Bayonets bared for Europe's military future


The European Union and the arms industry are preparing the ground for a common European army and 'security' policy with hardly the beginning of public debate. "The LTV (Long Term Vision) will look 20 years ahead and be based on three themes: (1) the global context relating to such issues as the economy, society, demography, the environment and the law (2) the nature of future crisis management operations and (3) science and and technology trends. If you have expertise in any of these areas, we would like to hear from you ..." This is not the recruitment advert of an elusive think tank, but the appeal that appears on the official website of the European Defence Agency (EDA), the EU body for military matters.

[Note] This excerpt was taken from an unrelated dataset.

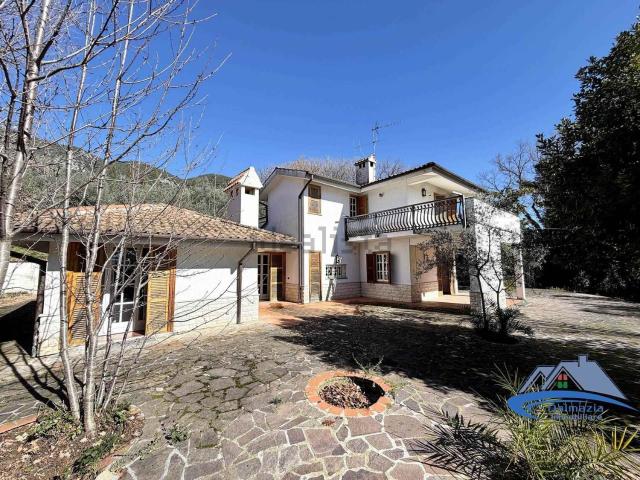 Casa in vendita a Piedimonte II, Terni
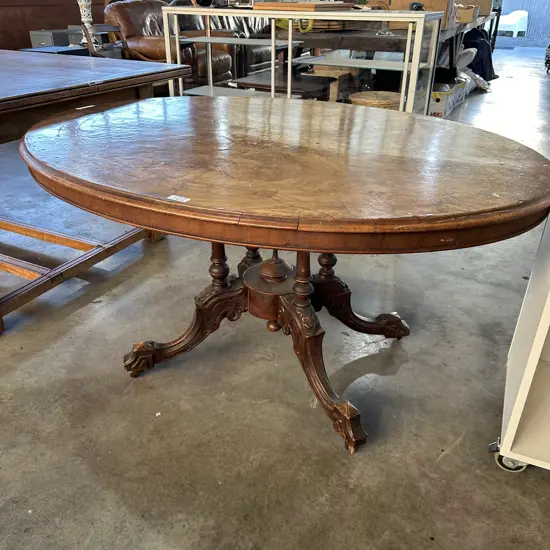 lou table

The LTV's sub-title is 'What the future holds for Europe's Armed Forces'. And that's a very good question. Some trends are clear already - clear and worrying. In October 2005 Terrence Guay, researcher in foreign relations at Pennsylvania State University, wrote: 'Europe's defence industry is at a crossroads.' That is true also for the broader EU military policy- EU military capacity, relations with NATO, border security and so on. It is a crossroads at which the EU seems determined on taking the wrong turning.

On 21 November last year, an Associated Press report announced: "EU adopts plan to open €35 billion arms market." It referred to a meeting of defence ministers in Brussels, which decided to introduce a new code of conduct for the industry. This code, which takes effect in July, will open the European arms market and military procurement to the sort of deregulated market policies that the EU is now pursuing in every possible sphere. A particular cause for concern is that this deregulation coincides with a concerted process of merger and consolidation within the industry, whereby the 'free' market is leading to increasing domination by the biggest companies. Since this particular market involves tanks, aircraft carriers and electronic surveillance, and not underwear or oranges, the concerns are correspondingly larger.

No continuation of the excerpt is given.